David Rockefeller was born in New York City in 1915, the youngest child of John D. Rockefeller, Jr. and Abby Aldrich Rockefeller. He graduated from Harvard College in 1936 and earned a Ph.D. in Economics in 1940 from the University of Chicago. He served with the U.S. Army in North Africa and France during World War II. David joined the Chase National Bank in 1946 and rose through the ranks to become chairman and chief executive officer of the Chase Manhattan Bank in 1969. He retired in 1981.
Under David’s leadership, Chase expanded its international presence and operations, modernized its management and facilities, and implemented innovative programs – an art collection, community outreach, minority hiring, and a philanthropic foundation – which made the bank a leader in corporate social responsibility and set the standard for the American business community. David’s concerns as a banker and businessman reflected his schooling in the Rockefeller philanthropic tradition: a focus on fundamental problems, meticulous attention to detail, and a preference for collaborative action with others. These ideals also guided his private philanthropy. David assumed a leadership role in many institutions founded by his grandfather and parents, especially The Rockefeller University and the Museum of Modern Art, and also at the Rockefeller Brothers Fund, which he and his brothers had created in 1940.
David served as the chairman of the Council on Foreign Relations, The Americas Society/Council of the Americas, the Trilateral Commission, and the Partnership for New York City.
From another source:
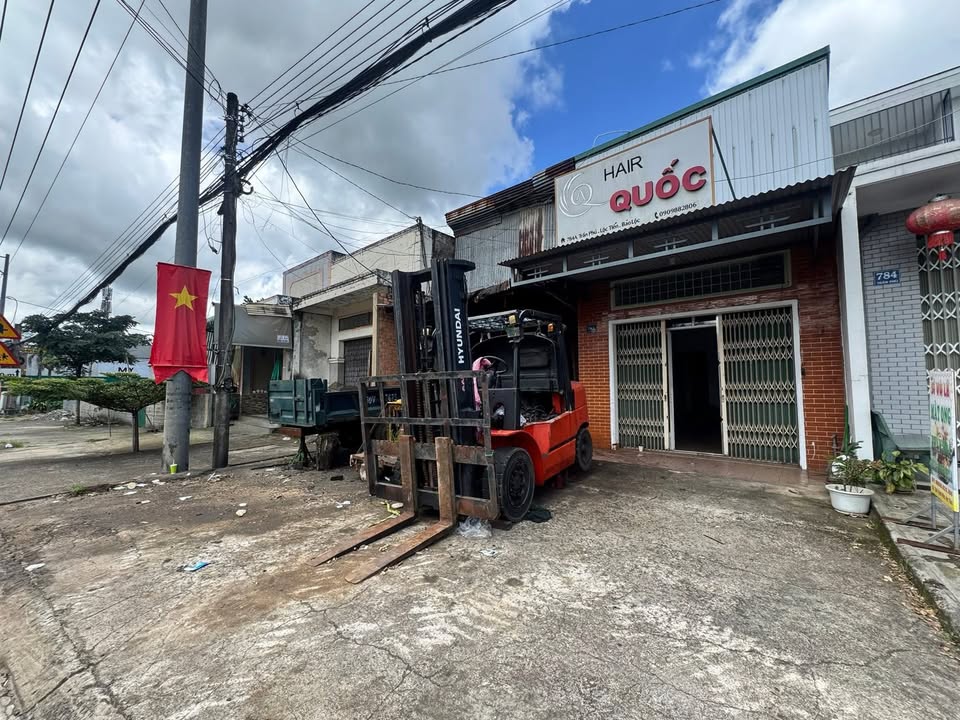 Cho thuê nhà mặt tiền Quốc lộ 20, Bảo Lộc 200m² - Mặt bằng kinh doanh lý tưởng chỉ 6,5 triệu!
David founded the Stone Barns Center for Food and Agriculture in recognition of his wife Peggy’s deep interest in the future of American Agriculture, and he helped to establish the David Rockefeller Center for Latin American Studies, an innovative university-wide initiative at Harvard University.
David has four daughters and two sons, ten grandchildren, and four great-grandchildren. His wife of 55 years, the former Margaret McGrath, died in March 1996.